▸ **Task details**: Reproduce exactly only the lines from the line that holds "Abstract geometric polygonal" to the line that holds "Women's Stone Rainbow", inclusive, in the listing below, and please leave out every picture.

▸ **Records shown**:

# # # # #

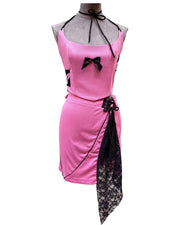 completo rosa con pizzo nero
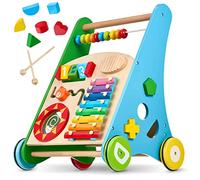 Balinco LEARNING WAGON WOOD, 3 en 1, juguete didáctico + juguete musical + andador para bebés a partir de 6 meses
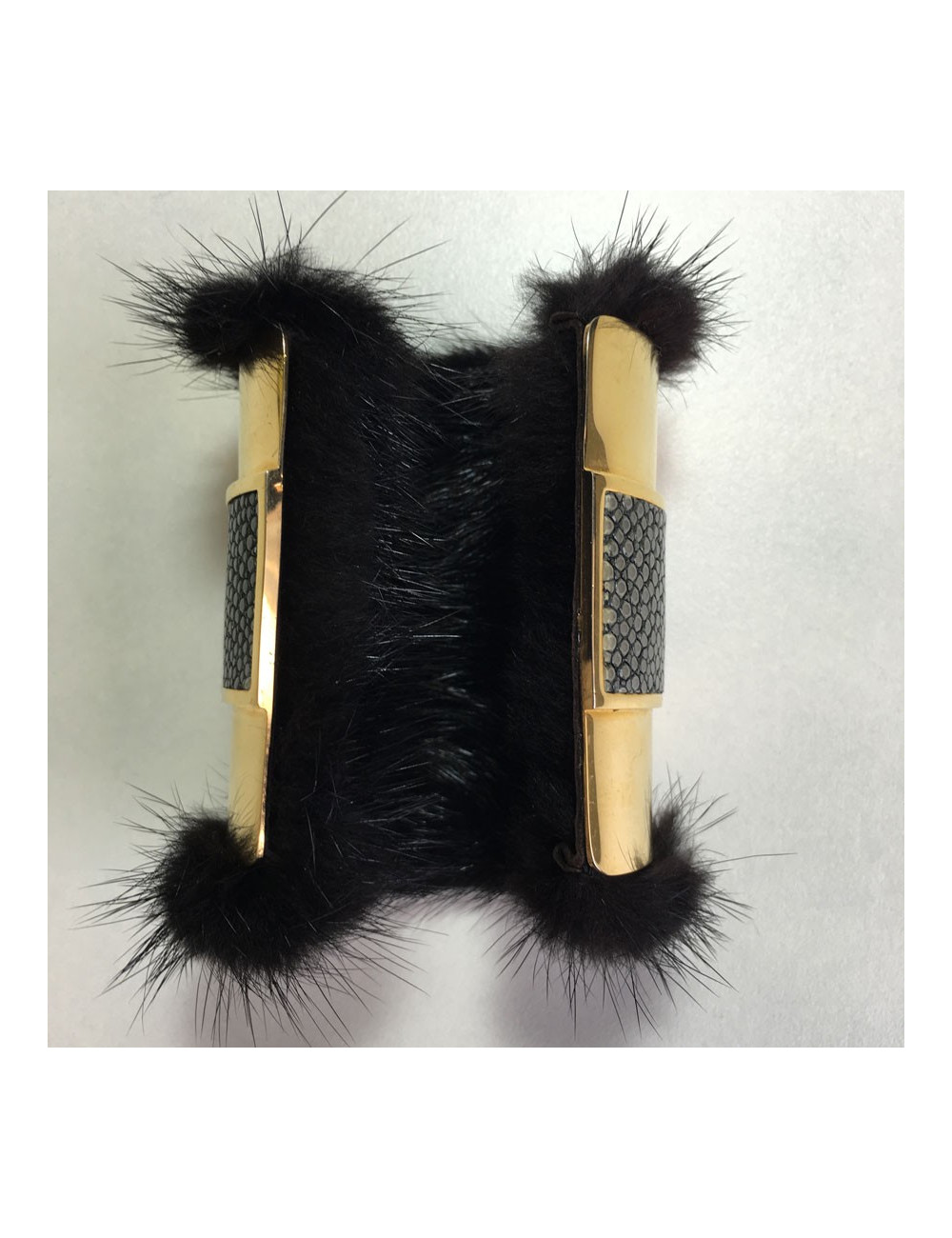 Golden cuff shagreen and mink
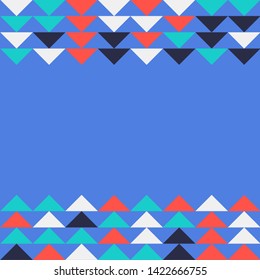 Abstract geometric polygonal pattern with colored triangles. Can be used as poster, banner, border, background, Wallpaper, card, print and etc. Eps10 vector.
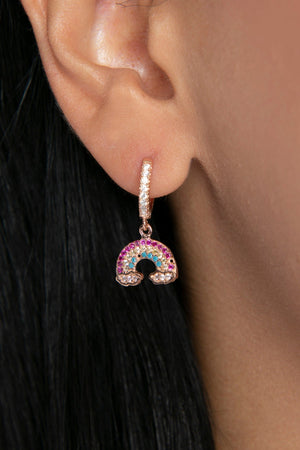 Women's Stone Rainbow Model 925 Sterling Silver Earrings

# # # # #

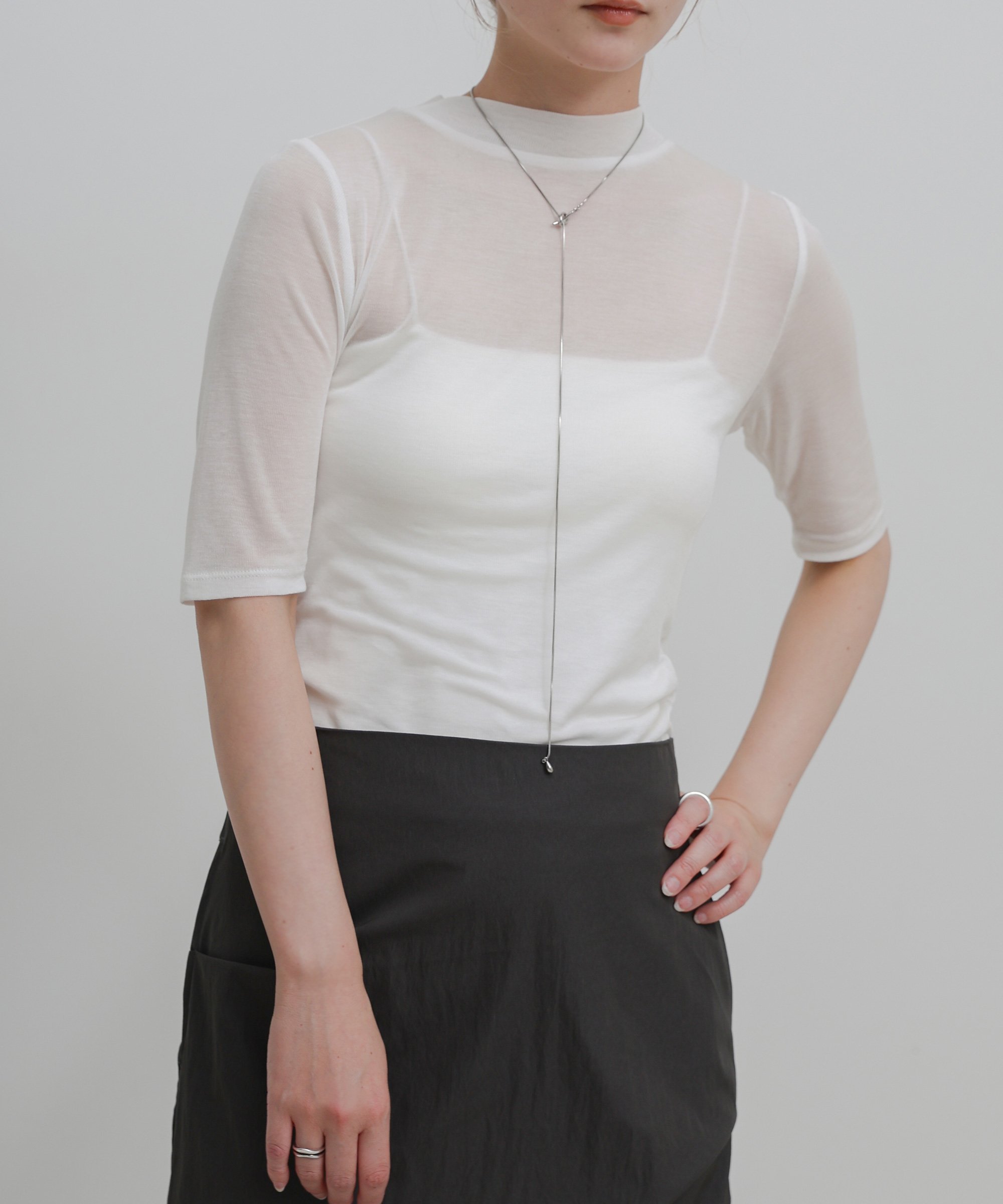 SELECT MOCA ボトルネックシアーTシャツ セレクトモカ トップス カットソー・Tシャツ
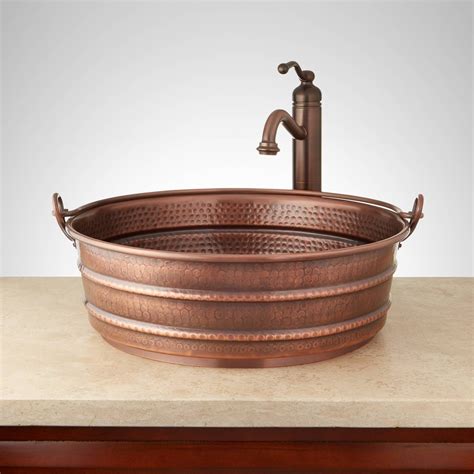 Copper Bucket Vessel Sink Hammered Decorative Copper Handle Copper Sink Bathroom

# # # # #

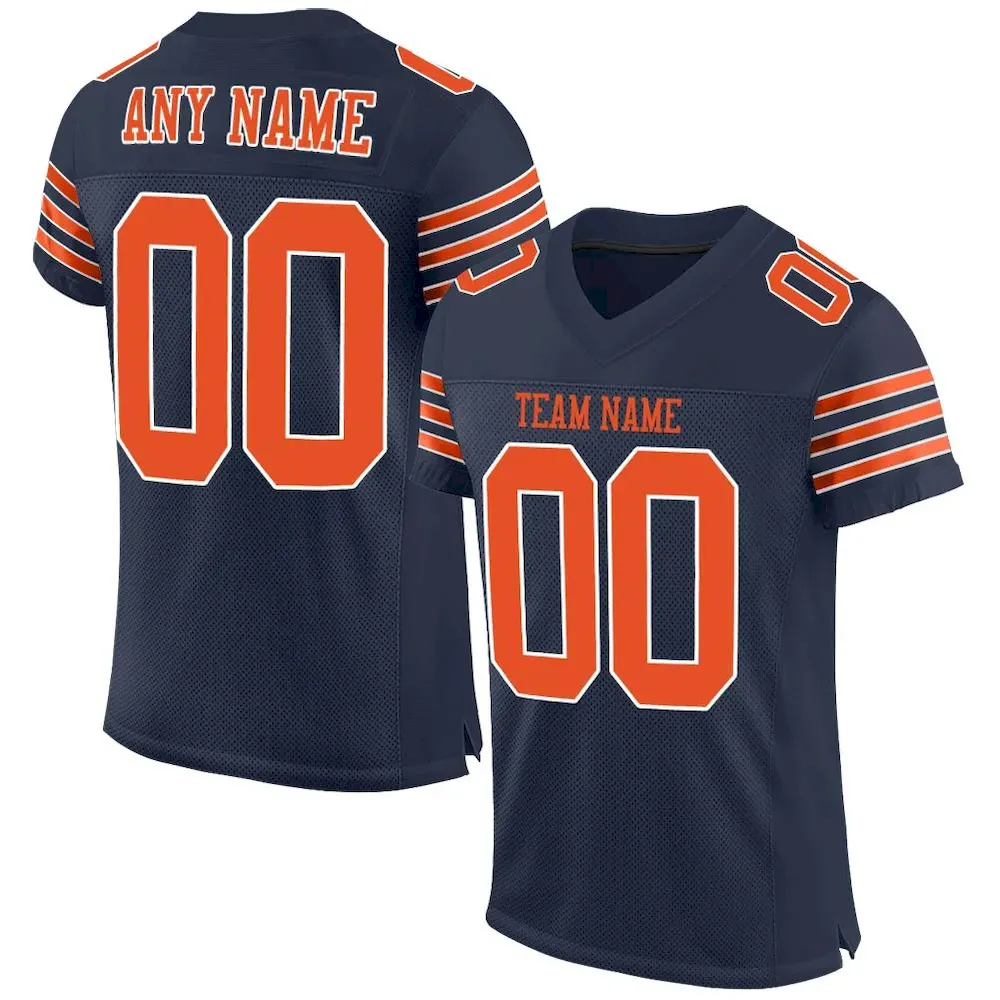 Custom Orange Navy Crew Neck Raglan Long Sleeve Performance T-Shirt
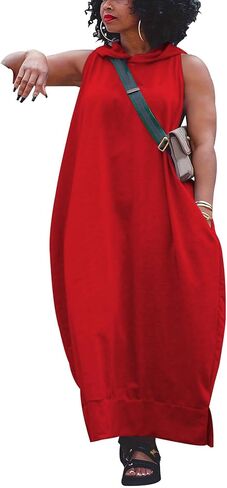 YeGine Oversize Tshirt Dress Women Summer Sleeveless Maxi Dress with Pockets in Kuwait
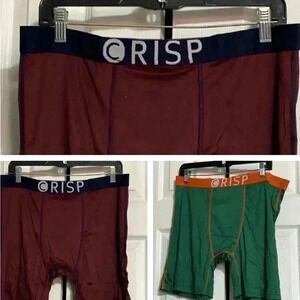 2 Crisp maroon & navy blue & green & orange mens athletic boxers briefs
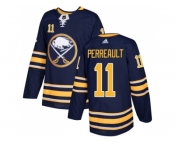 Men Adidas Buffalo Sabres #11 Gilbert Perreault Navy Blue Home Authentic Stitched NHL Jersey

# # # # #

▸ **Written reply**:
 Abstract geometric polygonal pattern with colored triangles. Can be used as poster, banner, border, background, Wallpaper, card, print and etc. Eps10 vector.
 Women's Stone Rainbow Model 925 Sterling Silver Earrings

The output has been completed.